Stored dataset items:
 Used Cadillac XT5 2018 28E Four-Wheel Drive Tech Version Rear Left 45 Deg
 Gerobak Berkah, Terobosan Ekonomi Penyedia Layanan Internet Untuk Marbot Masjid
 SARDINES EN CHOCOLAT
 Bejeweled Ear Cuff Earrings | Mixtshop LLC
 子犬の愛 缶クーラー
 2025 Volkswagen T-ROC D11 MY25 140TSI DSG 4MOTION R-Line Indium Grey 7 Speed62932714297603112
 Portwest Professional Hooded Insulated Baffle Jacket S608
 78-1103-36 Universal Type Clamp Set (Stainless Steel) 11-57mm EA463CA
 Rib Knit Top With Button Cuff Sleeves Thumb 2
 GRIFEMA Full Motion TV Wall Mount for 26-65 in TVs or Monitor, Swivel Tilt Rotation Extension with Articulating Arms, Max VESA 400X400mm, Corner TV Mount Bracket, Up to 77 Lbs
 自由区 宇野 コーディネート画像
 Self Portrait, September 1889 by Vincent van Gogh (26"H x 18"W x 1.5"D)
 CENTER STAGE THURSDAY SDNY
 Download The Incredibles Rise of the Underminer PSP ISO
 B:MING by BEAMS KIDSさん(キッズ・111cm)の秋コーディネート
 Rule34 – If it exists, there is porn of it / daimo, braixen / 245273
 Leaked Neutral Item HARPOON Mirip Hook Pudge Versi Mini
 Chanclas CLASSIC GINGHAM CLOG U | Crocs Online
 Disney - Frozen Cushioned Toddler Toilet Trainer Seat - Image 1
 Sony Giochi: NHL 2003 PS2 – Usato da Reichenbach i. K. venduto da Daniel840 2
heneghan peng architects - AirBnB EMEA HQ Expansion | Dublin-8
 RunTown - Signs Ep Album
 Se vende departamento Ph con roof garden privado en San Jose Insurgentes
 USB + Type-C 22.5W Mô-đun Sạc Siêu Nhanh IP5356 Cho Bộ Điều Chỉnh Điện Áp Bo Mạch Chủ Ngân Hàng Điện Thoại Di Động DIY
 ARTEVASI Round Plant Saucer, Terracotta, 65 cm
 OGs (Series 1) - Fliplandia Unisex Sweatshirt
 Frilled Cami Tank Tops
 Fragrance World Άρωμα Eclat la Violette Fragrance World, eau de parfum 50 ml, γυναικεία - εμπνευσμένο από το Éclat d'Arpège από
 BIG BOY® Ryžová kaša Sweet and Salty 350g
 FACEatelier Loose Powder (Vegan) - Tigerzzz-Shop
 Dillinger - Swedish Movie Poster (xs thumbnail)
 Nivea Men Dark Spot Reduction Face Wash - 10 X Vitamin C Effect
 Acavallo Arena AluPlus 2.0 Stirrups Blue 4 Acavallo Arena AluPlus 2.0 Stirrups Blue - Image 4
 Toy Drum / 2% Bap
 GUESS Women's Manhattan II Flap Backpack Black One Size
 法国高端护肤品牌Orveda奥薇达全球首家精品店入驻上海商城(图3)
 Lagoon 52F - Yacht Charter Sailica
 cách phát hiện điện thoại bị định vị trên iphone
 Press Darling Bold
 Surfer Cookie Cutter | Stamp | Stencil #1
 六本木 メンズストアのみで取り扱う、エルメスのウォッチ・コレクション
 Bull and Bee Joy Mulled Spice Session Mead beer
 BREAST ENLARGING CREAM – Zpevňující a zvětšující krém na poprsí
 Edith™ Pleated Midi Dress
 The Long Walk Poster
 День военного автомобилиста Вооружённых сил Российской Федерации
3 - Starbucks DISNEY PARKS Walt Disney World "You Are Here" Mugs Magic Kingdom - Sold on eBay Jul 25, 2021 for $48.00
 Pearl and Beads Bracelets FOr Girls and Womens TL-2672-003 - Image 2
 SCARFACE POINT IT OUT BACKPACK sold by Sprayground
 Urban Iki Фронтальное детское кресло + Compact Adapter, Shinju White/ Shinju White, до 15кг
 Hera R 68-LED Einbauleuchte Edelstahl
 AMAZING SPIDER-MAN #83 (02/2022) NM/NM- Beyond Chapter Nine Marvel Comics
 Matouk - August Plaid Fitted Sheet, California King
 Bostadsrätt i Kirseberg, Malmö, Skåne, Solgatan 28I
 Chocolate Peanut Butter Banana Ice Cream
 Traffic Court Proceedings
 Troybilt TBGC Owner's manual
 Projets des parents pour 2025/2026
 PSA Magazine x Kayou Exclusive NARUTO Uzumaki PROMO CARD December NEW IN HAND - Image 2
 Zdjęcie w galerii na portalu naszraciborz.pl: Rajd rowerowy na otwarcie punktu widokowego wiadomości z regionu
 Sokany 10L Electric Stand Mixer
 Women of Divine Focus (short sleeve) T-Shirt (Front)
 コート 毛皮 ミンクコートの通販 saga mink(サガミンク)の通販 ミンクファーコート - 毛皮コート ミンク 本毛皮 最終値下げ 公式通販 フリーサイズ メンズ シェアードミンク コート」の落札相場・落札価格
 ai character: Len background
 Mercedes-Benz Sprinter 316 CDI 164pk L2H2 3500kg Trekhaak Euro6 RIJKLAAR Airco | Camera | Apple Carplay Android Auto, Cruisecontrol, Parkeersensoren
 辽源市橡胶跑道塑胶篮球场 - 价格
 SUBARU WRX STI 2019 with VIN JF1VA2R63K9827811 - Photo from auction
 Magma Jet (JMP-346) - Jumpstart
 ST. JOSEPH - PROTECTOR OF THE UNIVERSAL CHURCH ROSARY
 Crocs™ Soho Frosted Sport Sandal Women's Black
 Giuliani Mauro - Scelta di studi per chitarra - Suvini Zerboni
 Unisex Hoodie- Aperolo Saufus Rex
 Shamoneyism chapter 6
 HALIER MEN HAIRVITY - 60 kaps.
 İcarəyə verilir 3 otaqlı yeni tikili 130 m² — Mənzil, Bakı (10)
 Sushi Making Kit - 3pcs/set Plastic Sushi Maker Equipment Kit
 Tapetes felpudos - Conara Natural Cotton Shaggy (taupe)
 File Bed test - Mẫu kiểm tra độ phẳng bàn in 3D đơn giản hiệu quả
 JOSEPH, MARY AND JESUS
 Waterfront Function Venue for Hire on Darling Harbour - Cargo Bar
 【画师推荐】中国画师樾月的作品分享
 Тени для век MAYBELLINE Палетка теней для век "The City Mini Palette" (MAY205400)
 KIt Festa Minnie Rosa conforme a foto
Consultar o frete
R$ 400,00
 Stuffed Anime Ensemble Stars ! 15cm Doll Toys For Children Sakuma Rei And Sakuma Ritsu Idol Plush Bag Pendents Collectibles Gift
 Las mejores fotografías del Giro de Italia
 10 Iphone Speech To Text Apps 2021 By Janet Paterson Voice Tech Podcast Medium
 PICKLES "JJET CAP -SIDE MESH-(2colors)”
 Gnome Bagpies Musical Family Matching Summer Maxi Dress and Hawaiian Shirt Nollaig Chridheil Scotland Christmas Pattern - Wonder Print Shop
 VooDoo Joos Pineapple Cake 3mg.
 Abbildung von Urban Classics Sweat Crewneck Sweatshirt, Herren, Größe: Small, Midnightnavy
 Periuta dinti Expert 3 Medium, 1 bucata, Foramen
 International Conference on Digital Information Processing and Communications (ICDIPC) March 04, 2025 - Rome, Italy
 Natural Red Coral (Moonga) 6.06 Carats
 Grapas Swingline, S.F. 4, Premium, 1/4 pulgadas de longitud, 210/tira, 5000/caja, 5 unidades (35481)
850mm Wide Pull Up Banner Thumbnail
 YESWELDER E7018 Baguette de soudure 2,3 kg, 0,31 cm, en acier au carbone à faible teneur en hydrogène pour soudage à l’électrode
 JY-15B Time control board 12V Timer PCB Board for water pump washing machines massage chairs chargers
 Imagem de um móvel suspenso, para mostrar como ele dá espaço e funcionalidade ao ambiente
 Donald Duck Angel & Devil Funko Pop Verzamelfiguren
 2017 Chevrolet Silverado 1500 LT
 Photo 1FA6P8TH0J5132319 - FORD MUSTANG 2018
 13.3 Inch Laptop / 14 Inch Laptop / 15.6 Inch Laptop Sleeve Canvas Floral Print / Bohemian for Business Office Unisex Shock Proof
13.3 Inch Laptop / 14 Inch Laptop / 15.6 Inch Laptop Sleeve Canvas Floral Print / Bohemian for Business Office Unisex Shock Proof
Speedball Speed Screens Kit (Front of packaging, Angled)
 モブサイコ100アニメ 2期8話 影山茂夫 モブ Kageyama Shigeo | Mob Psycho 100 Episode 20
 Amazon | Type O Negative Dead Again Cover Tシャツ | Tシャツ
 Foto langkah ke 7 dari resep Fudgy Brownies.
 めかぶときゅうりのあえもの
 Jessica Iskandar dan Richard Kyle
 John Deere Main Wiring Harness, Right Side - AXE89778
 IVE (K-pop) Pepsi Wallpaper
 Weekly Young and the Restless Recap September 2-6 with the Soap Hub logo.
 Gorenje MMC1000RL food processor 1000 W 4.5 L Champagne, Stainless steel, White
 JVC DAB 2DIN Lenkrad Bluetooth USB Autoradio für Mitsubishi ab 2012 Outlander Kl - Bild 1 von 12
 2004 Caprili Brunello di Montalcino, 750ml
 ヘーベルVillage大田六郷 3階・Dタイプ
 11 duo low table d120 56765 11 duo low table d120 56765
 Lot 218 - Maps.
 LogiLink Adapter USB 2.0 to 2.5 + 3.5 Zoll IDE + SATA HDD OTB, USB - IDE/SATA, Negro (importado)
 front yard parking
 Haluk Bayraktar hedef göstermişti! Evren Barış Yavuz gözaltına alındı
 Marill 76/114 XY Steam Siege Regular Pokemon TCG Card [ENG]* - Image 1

▸ **ASSIGNMENT**:
Search the data and copy each line containing "Cuff".

▸ **EXERCISE RESULT**:
 Bejeweled Ear Cuff Earrings | Mixtshop LLC
 Rib Knit Top With Button Cuff Sleeves Thumb 2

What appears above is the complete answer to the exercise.